Читаем Станислав Лем – свидетель катастрофы полностью

Кампания, однако, приобрела широкий размах, с отдельными письмами к властям обратились епископат и движение «Знак», напиравшие на то, что для верующих недопустимо признавать руководящую роль атеистической организации, а пункт о зависимости прав человека от обязанностей перед государством создает благодатное поле для злоупотреблений. Хватало и писем, делавших акцент на неприемлемости положения о союзе с СССР. В конце января 1976 года в Лондоне состоялся целый митинг против изменений Основного закона страны, где выступил Колаковский, сказавший, что принятие поправок создаст ситуацию, при которой СССР станет как бы стражем польской Конституции, а партия приобретет неограниченные возможности для репрессий и ограничения гражданских свобод. Кроме того, очевидной жертвой поправок станет церковь, что неизбежно скажется на силе сопротивления режиму. Колаковский признавал, что изменения в Конституции по сути ничего не меняют, однако принимать их нельзя, поскольку деспотизм и несуверенность народа не могут быть юридической нормой. Если же эти поправки будут приняты, говорил философ, Конституция ПНР перестанет иметь значение[910]. Слонимский тогда же заявил в интервью французскому журналисту, что принятие проекта изменений в Конституции равносильно легализации диктатуры компартии и уничтожению независимой Польши[911]. Свои протесты направили даже бывший глава партии Эдвард Охаб и отставной министр финансов Ежи Альбрехт.

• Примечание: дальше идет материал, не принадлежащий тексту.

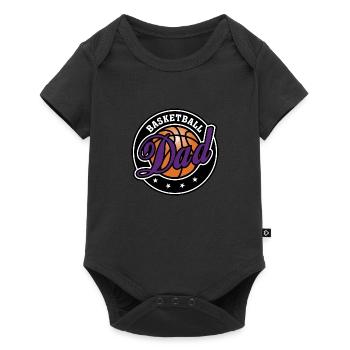 Basketball Dad - Baby Premium Kurzarmbody - Schwarz - Vorne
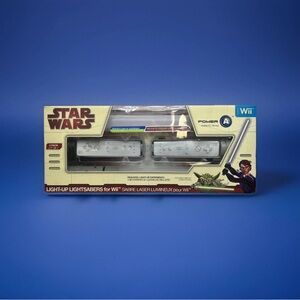Star Wars Lightsabers Accessory Cover 2 Pack Anakin Yoda CIB Nintendo Wii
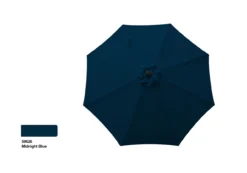 9' Midnight Blue Tilt Market Patio Umbrella -Northlight Outlet Home Store 810540699 2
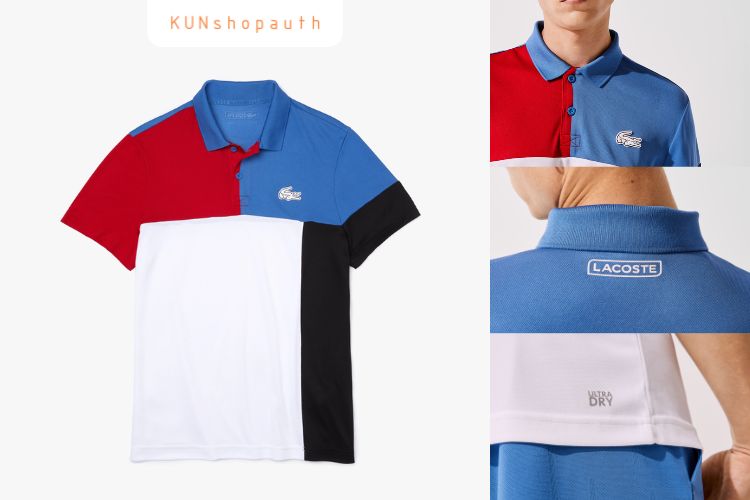 Áo Sport Lacoste Thiết Kế Color Block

Видимо, под влиянием упреков, что в первом письме ничего не говорилось о независимости Польши, в январе 1976 года часть подписантов «Письма 59-ти», подключив новых лиц, отправила в чрезвычайную комиссию по подготовке изменений в Конституции еще одно письмо протеста («Письмо 101-го»), в котором речь велась уже только и исключительно о недопустимости юридического закрепления каких-либо внешнеполитических союзов в Основном законе ПНР[912]. Письмо подписали Куронь, Липский, Слонимский, Бартошевский (в то время генеральный секретарь польского Пен-клуба) и многие другие. Уже после отправки письма к нему собирали дополнительные подписи, и тут уже Лем не устоял. Но новый список подписантов («Письмо 23-х»), очевидно, не был обнародован, хотя в деле Лема, заведенном Службой безопасности, появилась пометка, будто он подписал «Письмо 101-го».

В итоге поправки смягчили: убрали пункт о зависимости прав человека от обязанностей, союз с СССР заменили на «неразрывные узы польско-советской дружбы», ПОРП вместо руководящей силы в государстве получила статус ведущей силы общества в строительстве социализма, а ПНР провозглашалась социалистическим государством, а не государством народной демократии, как раньше. В феврале 1976 года Сейм почти единогласно (воздержался лишь председатель фракции «Знак» Станислав Стомма) принял поправки. В том же месяце Лема исключили из Американской ассоциации писателей-фантастов[913]. А в Варшаве возник Общепольский клуб любителей фантастики и science-fiction.

Отчаяние

Мое отношение к СССР сейчас таково, что не могу надивиться, как это я вообще мог туда ездить и позволял себя чествовать[914].

Станислав Лем, 1980

Лишь недавно я понял, что если бы жил на Западе, то не написал бы половины из того, что я написал в ПНР. Прежде всего мне не на что было бы жить, чтобы писать такие книги, как «Сумма технологии», «Философия случая», «Фантастика и футурология» и «Диалоги». А также «Абсолютная пустота», «Голем», «Осмотр на месте». Моя жена, у которой гораздо более трезвый взгляд на мир, тоже придерживается этого мнения. И это свидетельствует не столько о меценатстве Востока, сколько о полной культурной девальвации Запада[915].

Станислав Лем, 1986

В январе 1976 года Лем получил «Золотой колос» – награду люблинской газеты «Дзенник людовы» за лучший роман. Такой оценки удостоился… переизданный «Солярис». С одной стороны, это говорило о неизменной популярности ставшего уже классическим произведения, с другой – о неутихающей свирепости цензуры, вновь набравшей ход в конце 1975 года в связи с кампанией против поправок к Конституции. Если бы не запрет, наложенный на множество писателей первой категории, вряд ли старый роман Лема удостоился бы такой чести. Так что тут, по всей видимости, повторилась история с наградой за «Неутраченное время».